Monday, June 4, 2007
Interview with Teena McClelland
Teena McClelland and Michelle Maynard on the set of Death by Design, Co. at Gallery 400 in 2006.
Teena's in* interior interventions headquarters in 2004
In* Interior Interventions is a business that provides customers with an unconventional interior design service. With the help and consultation of Teena McClelland, founder of In*, clientele have their homes redesigned to be completely nonfunctional. Recently, Teena has been collaborating with Michelle Maynard to create Death by Design Co., which provides participants the chance to star in their own horror flick. In Michelle's previous work, she wrote, produced and starred in her own horror movie "Throb". I started to become more interested in Teena and Michelle's work while studying relational aesthetics in graduate school, so I asked Teena if she would answer a couple questions.
(Cole)
Your projects seem to take place in a post-Rirkrit form of Relational Art, where you offer a service, but the service is very
unconventional. I'm thinking Death by Design, as well as thenonfunctional interior design project in 2004. I'm using Rirkrit
Tiravanija as an example because his practice of inserting the everyday into an institutional setting is designed in a way that suggests there is no separation between the two spheres. In Rirkrit's case we notice the difference after the fact, so we notice how an art gallery changes a dinner party. In your case, it seems that you approach a project with the knowledge that the everyday will be affected or transformed when it is placed in a gallery or museum. So you offer a service of redesigning my closet so I can't reach my clothes. Am I on the right path here? Are your unconventional services a comment on service-based artworks, contract-art and the history of relational aesthetics? Or, does it come out of a reaction to economics and the service industry expanding into every nook and crevice?
(Teena)
My ideas for my work employ similar sentiments to Rirkrit Tiravanija's motives of creation, for sure. Rirkrit creates a situation in the gallery which is not about looking at art--but it is about "being in a space, participating in an activity, and the nature of the visit has shifted to emphasize on the gallery as a space for social interaction." My "businesses" exist as installations in galleries much like Rirkrit's aftermath they "function like scientific experiments: the displacement becomes a tool and exposes the way scientific thought processes are constructed. The visitor becomes a participant in that experiment."

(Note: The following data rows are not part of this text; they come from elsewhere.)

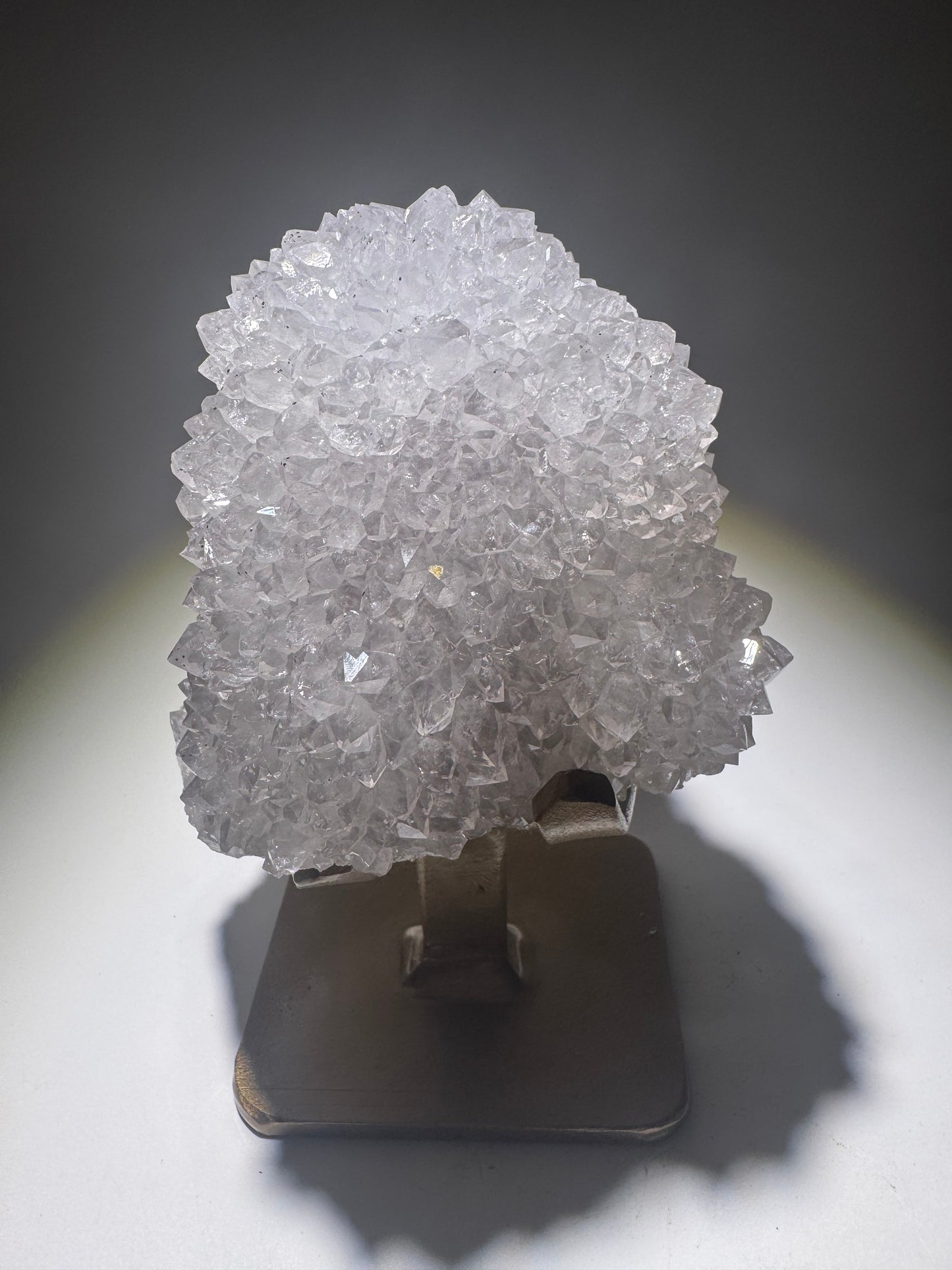 Schneeweisse Quarzblüte mit Lilatouch aus Uruguay – Stalaktitspitze auf goldenem Ständer, 17 cm, 1,7 kg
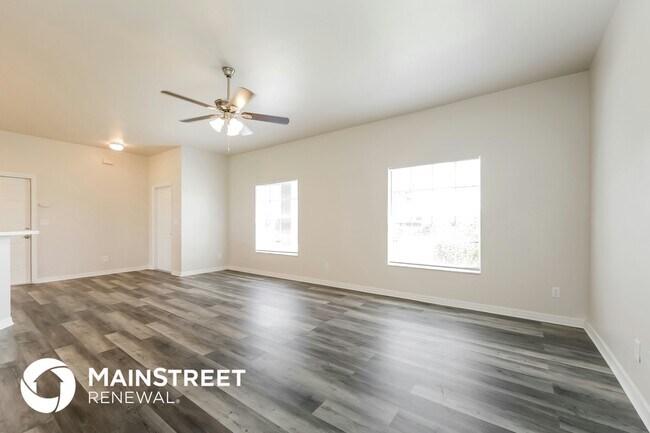 Photo - 3808 20th St W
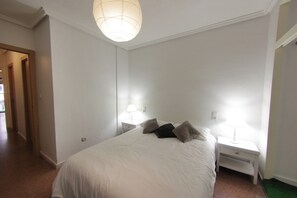 3 habitaciones, tabla de planchar con plancha, wifi y ropa de cama 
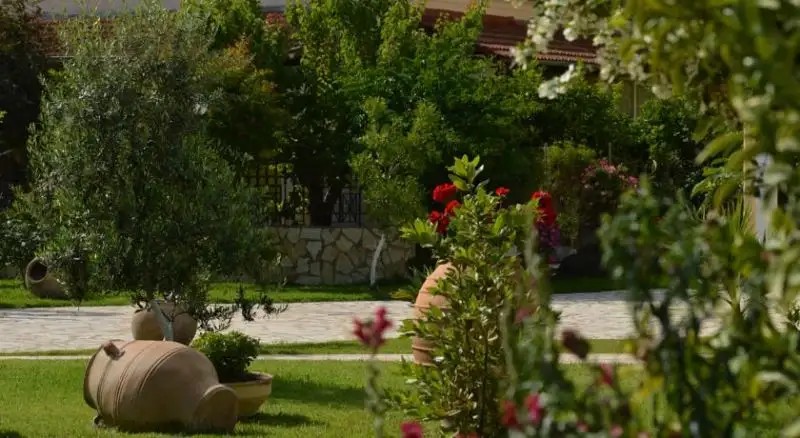 KONSTANTINA APARTMENTS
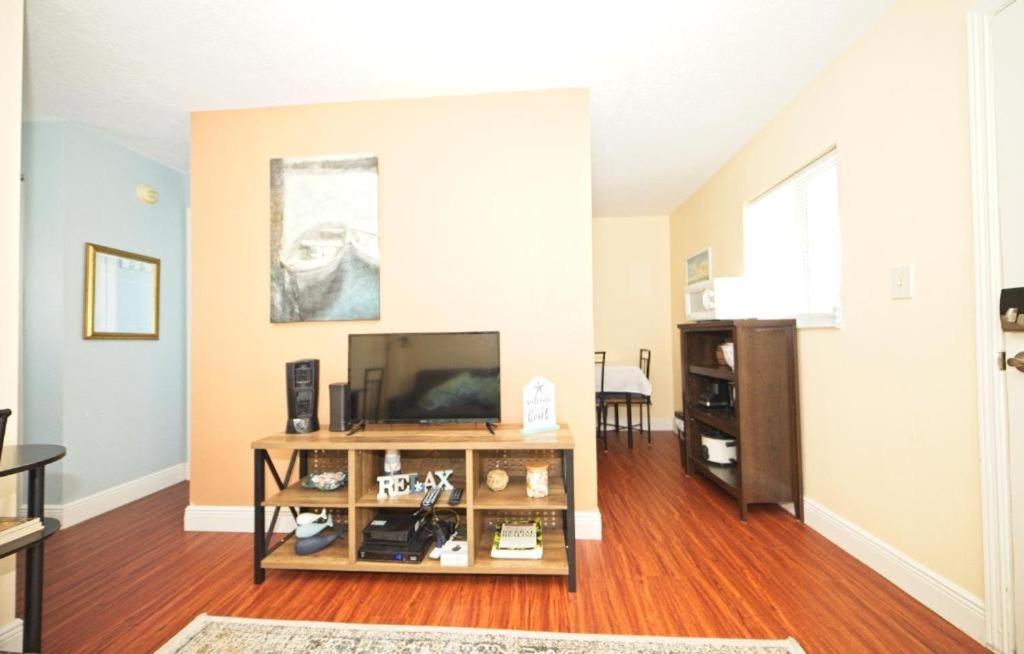 Cozy Canaveral Beach Condo! Next to NASA Launch Site photo 1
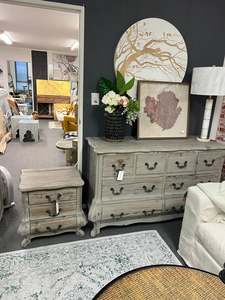 Package / Bella French  1 Chest + 2 Bedsides Mud Grey.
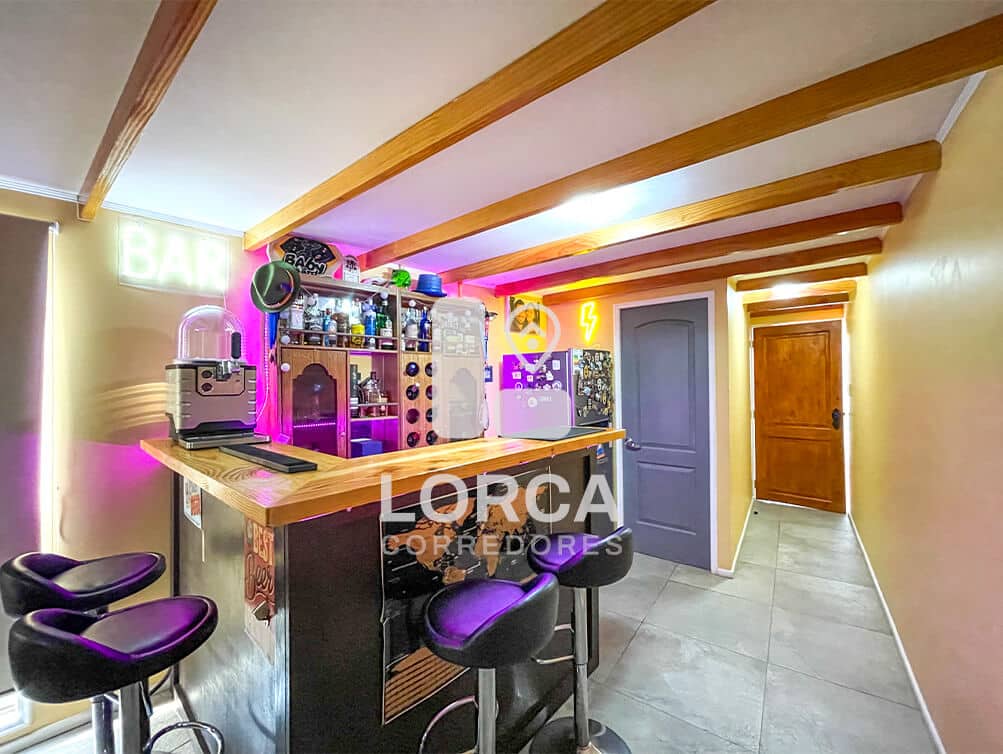 Casa en Venta Sector Villanelo Alto, Viña del Mar — Año 2023, 5 Dormitorios, 4 Baños, 221 m² Construidos sobre 279 m² de Terreno, 2 Niveles + Ampliación con Bar, Walking Closet, Piscina, Quincho y Terraza, 2 Estacionamientos, UF 9.000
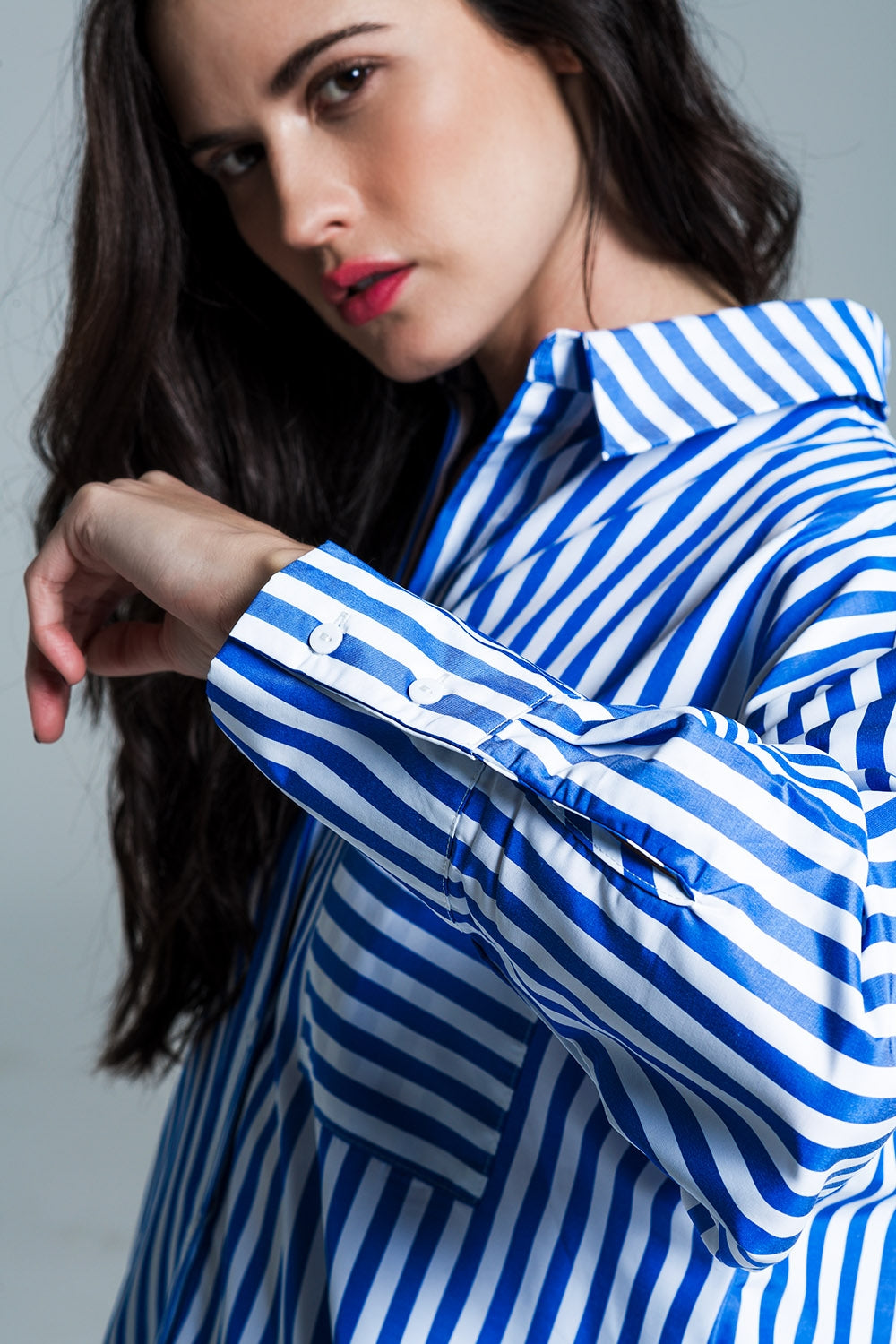 White oversized blouse with vertical stripes in blue and chest pocket - Shirts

There is a difference here between Rirkirt and I. The businesses I create are earnest establishments which have little choice but to exist in the art gallery (since another venue does not exist for such services just yet) and these businesses are often seen only as an "experiment" and are somewhat hindered in their mainstream ability because they cannot get a foothold in the commercial business realm. Ideally, my in* interventions interior design firm would have existed in a real commercial/retail space where it offered the new formula I employed for interior decorating.
ESTABLISHED FORMULA:
home decor and arrangement--
ESTABLISHED BY--beauty/functionality/order=successful interior design
MY in* FORMULA:
home decor and arrangement--
ESTABLISHED BY--narrative/catastrophe/disorder=successful in* interior
design
So, here you see the idea of Rirkrit and that idea's attempt to use a formula to displace the audience and teach or show the opportunity of using an established context/site in a new way--but I am not interested in merely using it against/for the gallery or art itself. That is just the venue it is allowed to exist in at this time. And often that venue works out fine.
(Cole)
The two of you collaborating has complicated both of your practices, in a good way. Teena's twisted sense of the service economy is now more sinister, and Michelle's horror flick is now participatory. Sorry for this very generic question, but how do feel about this combination? What do you think this says about art that takes the form of a service or a social contract?
(Teena)
The projects in* and Death by Design, CO. are serviced-based as a draw for participants--Services are active and participatory and not static and stable. My main intention while working as an artist-is the idea of involving others, perhaps directly, especially others who might not normally be engaged in artwork/artworld. Ta da--so offer them a service! and then they will be part of the project and the project will rely on them...and even in the project's failure-no willing participants- we can find success (this is a longer conversation). Therefore, collaboration occurs not only with Michelle Maynard, who
will collaborate on the initial structure of the formula (the set, menu, contracts, methods of making and selling), but there is a collaboration with clients and with staff and with the gallery--and they all get to shape the outcome by adding their own to the initial formula.
Achieving entertainment is one key to all of this working out (entertainment can be the goal for a project and it can still have
valuable side effects) and it doesn't hurt to make it official by calling it a "business". That definitely adds an air of expertise to the whole package. In some ways, Death by Design, Co. allows Michelle to do what she would like to do most and allows me to do what I would like to do most. I would like for people to face a situation that I have arranged and leave that situation thinking that they must reposition themselves in relation to what is being dealt with--much like the goal of Rirkrit. I am optimistic and I hope for the best, for something to happen--and these services and spectacles seem like the clearest path for some kind of direct affect on the audience/participant.